(Captioned web images)
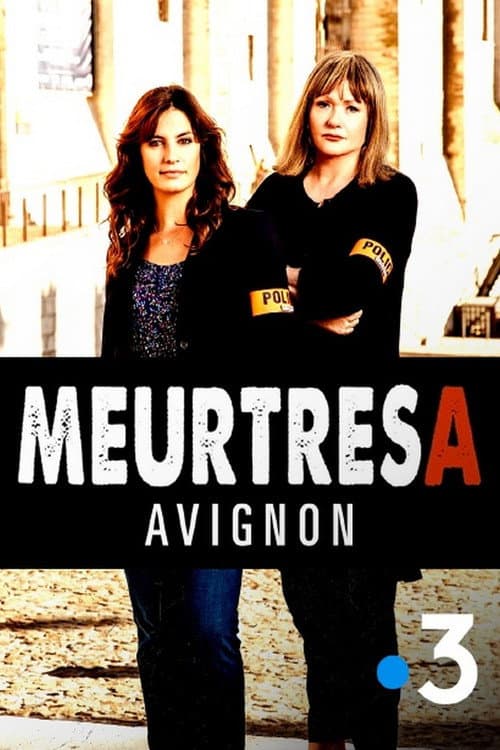 Poster for Meurtres à Avignon
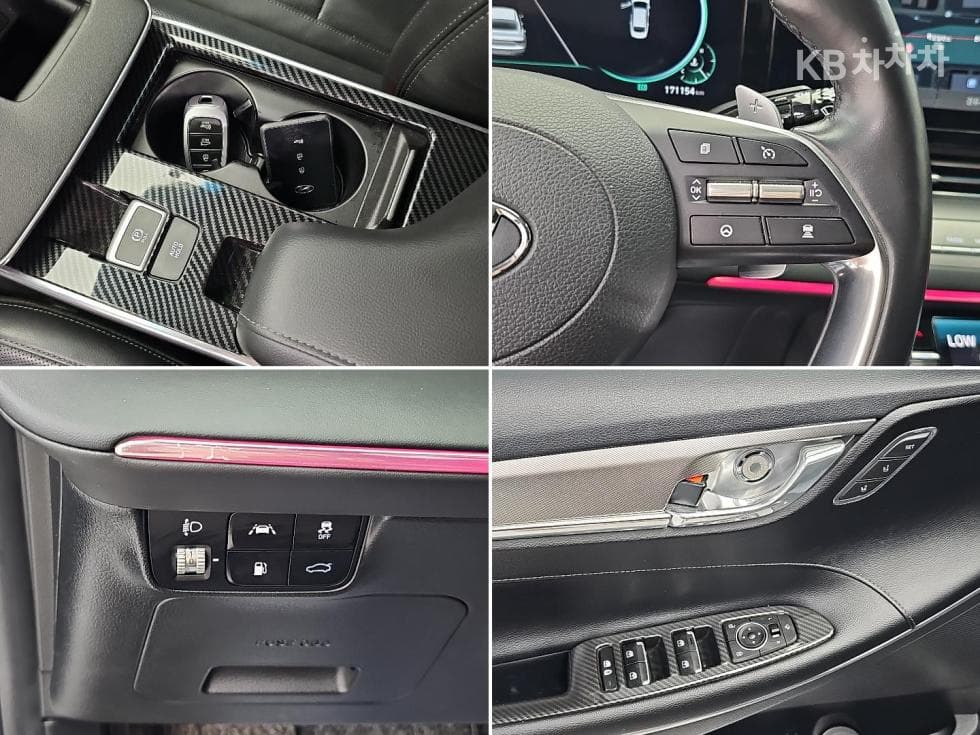 Hyundai The New (facelift) Grandeur (Azera)LPi 3.0 Exclusive - 18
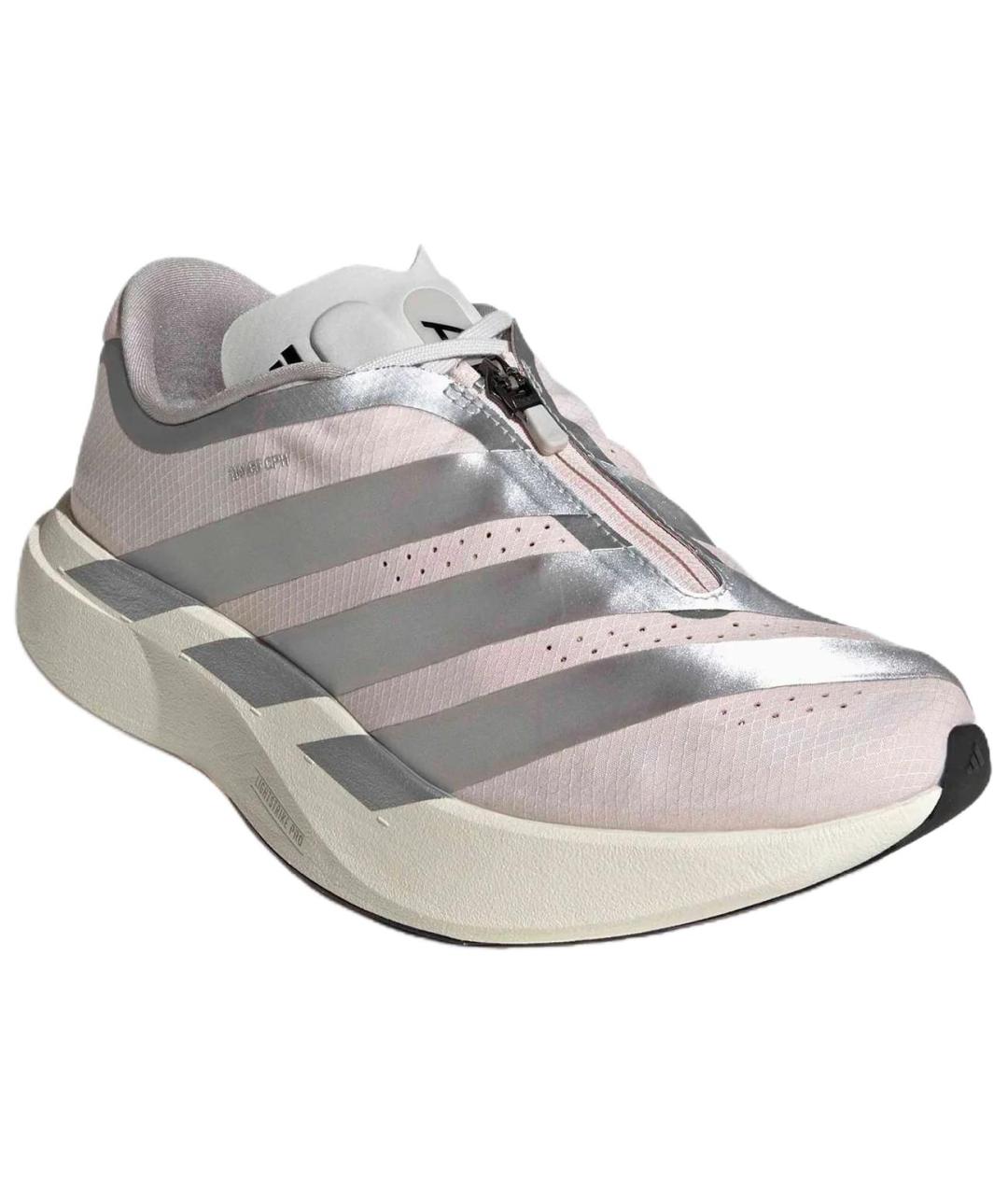 ADIDAS Розовые кроссовки, фото 3
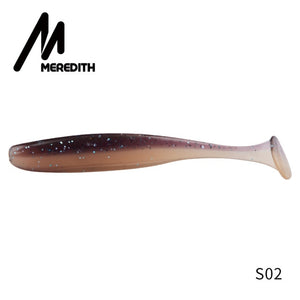 Fishing Lures 50mm 75mm 100mm 130mm Wobblers Carp Fishing Soft Lures Silicone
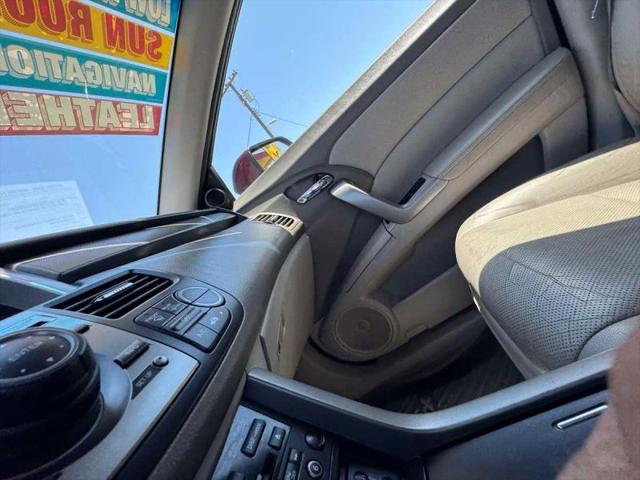 2011 Acura RDX Base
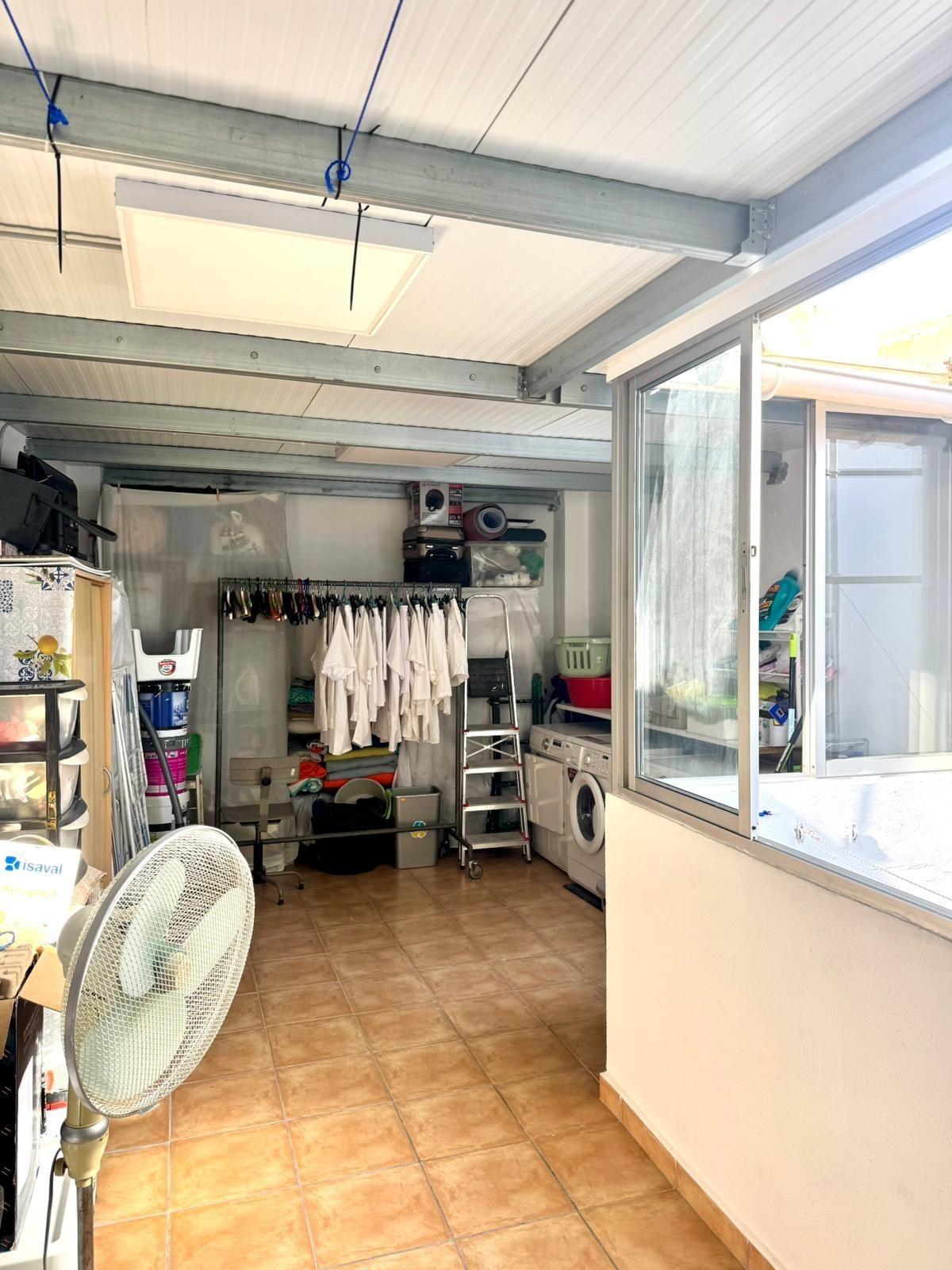 Casa céntrica con terraza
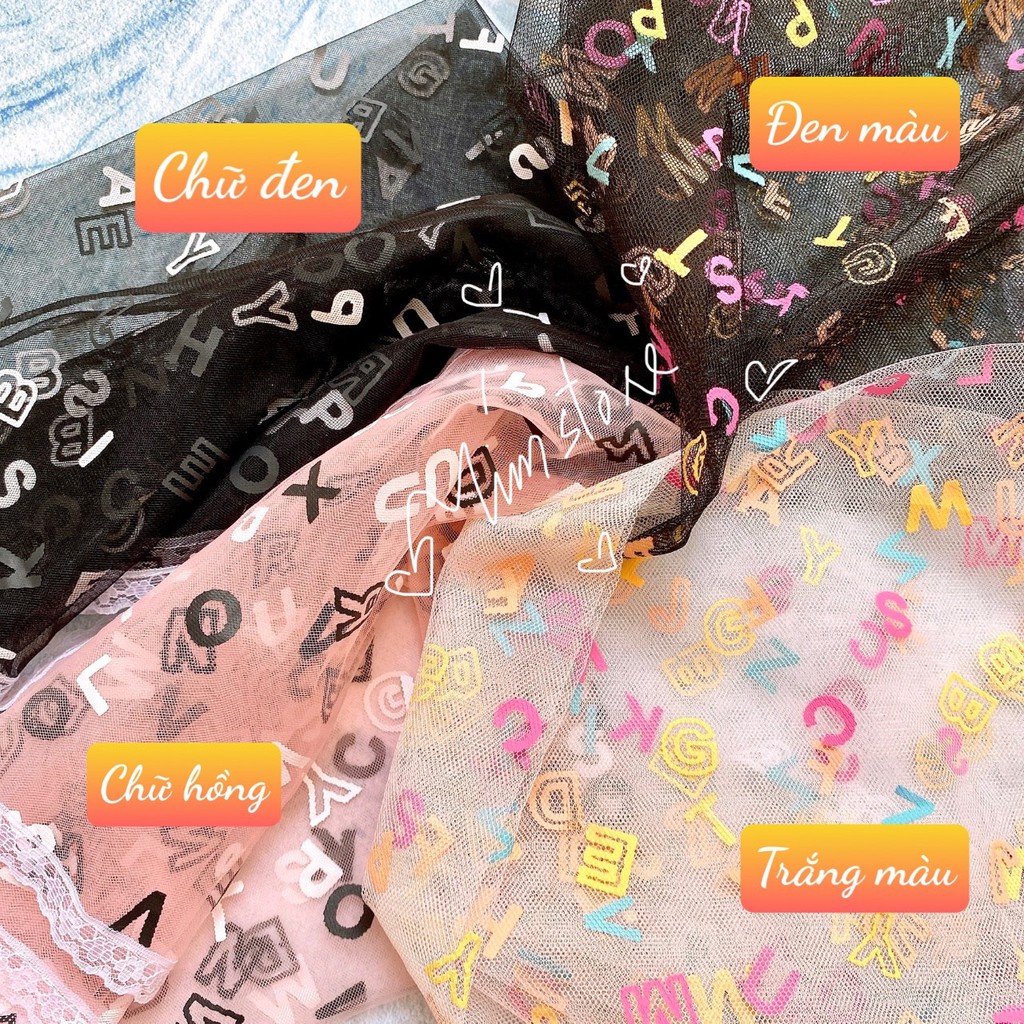 {Ảnh thật} KHĂN BANDANA CHỮ LƯỚI, TURBAN VẢI, THỜI TRANG NỮ HOT GIÁ RẺ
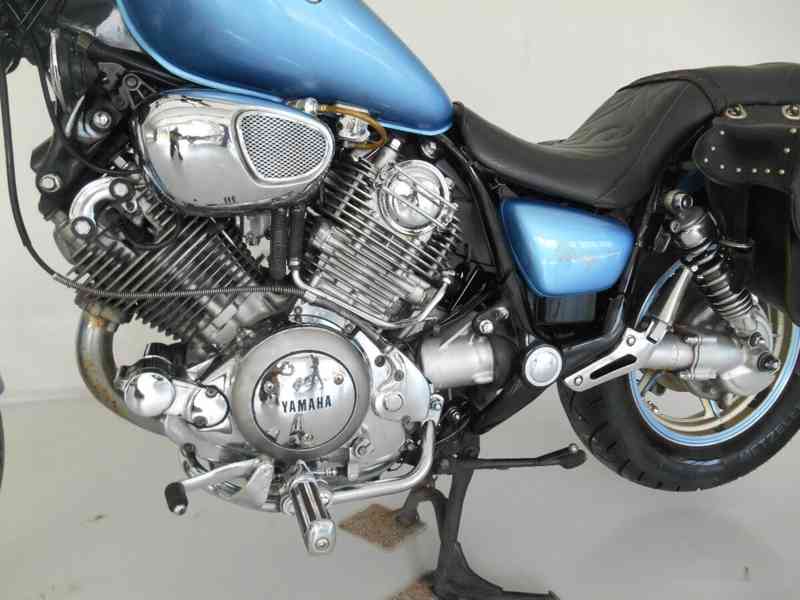 Yamaha XV 750 Virago - foto 15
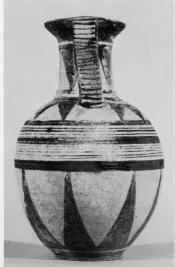 OINOCHOE (ITALO-GEOMETRIC)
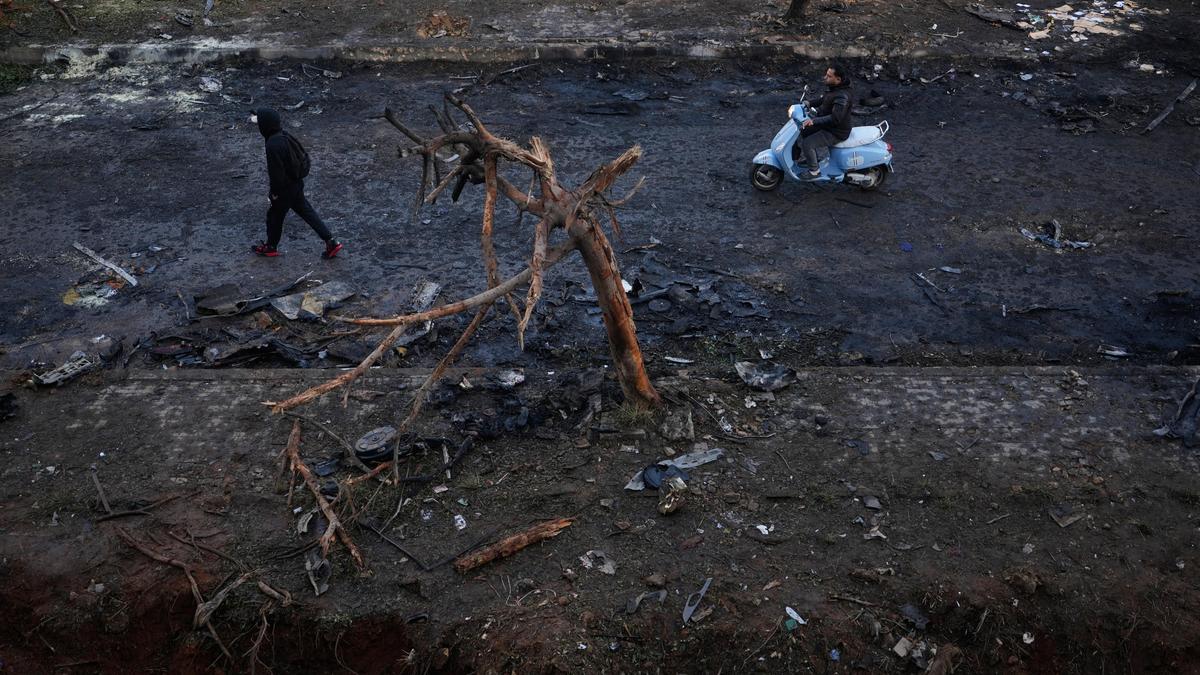 Israeli strike on Beirut kills senior Hezbollah commander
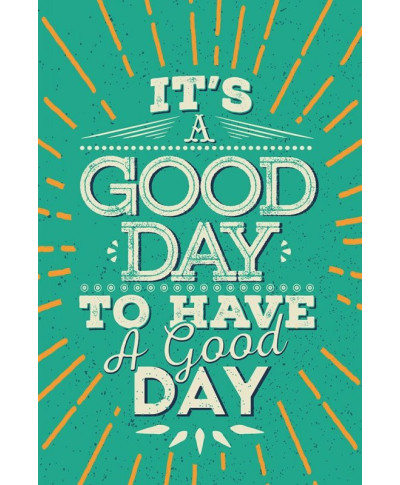 Good day - plakat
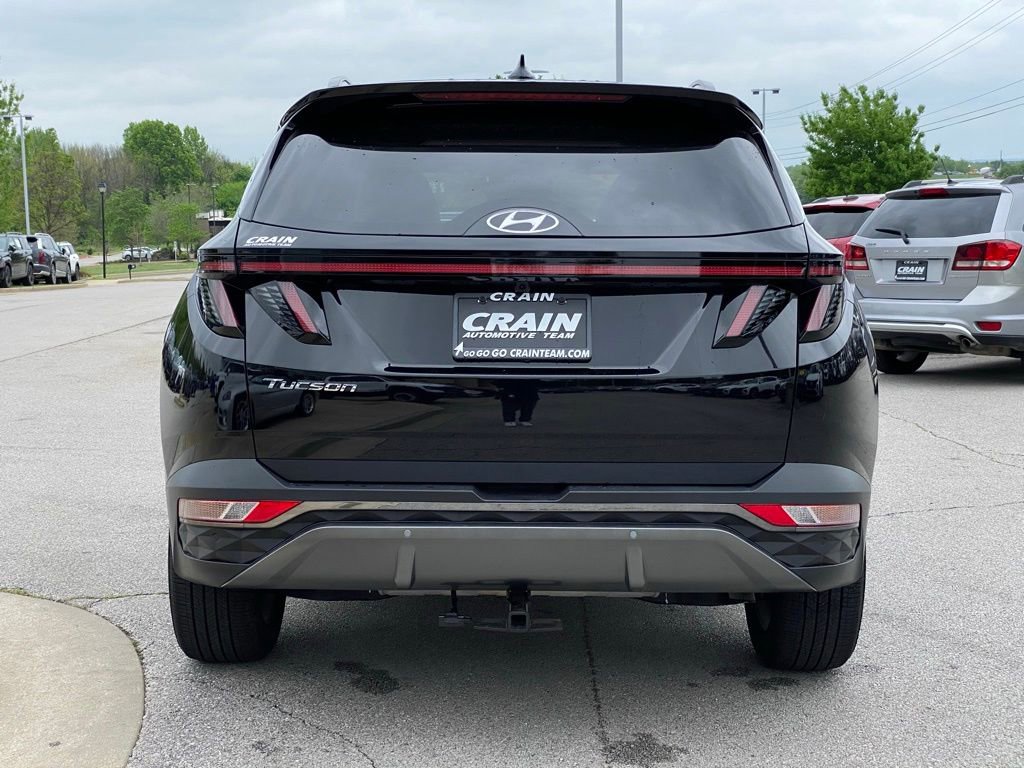 Used 2024 Hyundai Tucson Limited image 6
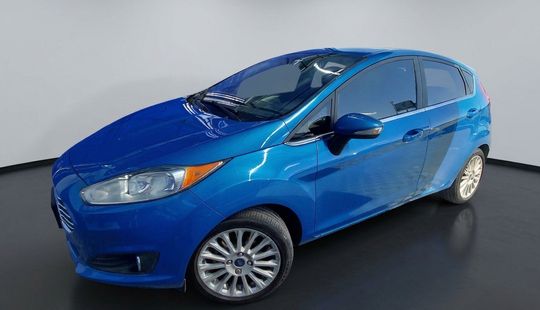Ford • Fiesta Kinetic Design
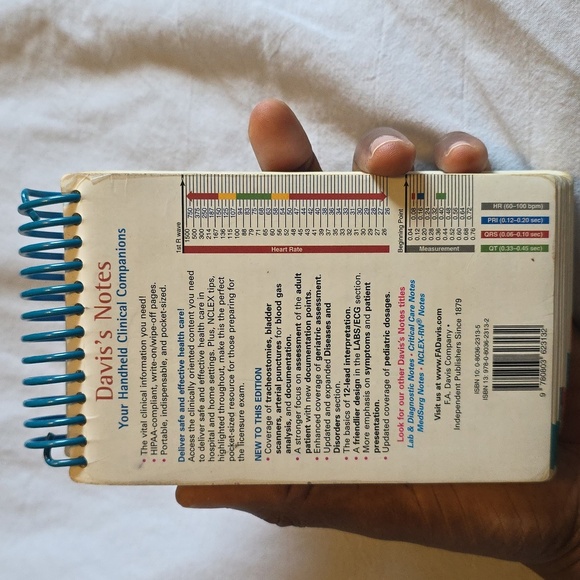 RNotes Nurse's Care Pocket Guide - Picture 4 of 5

What the task asks — Each entry is to be written out again word for word, and any pictures are to be omitted.

Exercise answer —
 Poster for Meurtres à Avignon
 Hyundai The New (facelift) Grandeur (Azera)LPi 3.0 Exclusive - 18
 ADIDAS Розовые кроссовки, фото 3
 Fishing Lures 50mm 75mm 100mm 130mm Wobblers Carp Fishing Soft Lures Silicone
 2011 Acura RDX Base
 Casa céntrica con terraza
 {Ảnh thật} KHĂN BANDANA CHỮ LƯỚI, TURBAN VẢI, THỜI TRANG NỮ HOT GIÁ RẺ
 Yamaha XV 750 Virago - foto 15
 OINOCHOE (ITALO-GEOMETRIC)
 Israeli strike on Beirut kills senior Hezbollah commander
 Good day - plakat
 Used 2024 Hyundai Tucson Limited image 6
Ford • Fiesta Kinetic Design
 RNotes Nurse's Care Pocket Guide - Picture 4 of 5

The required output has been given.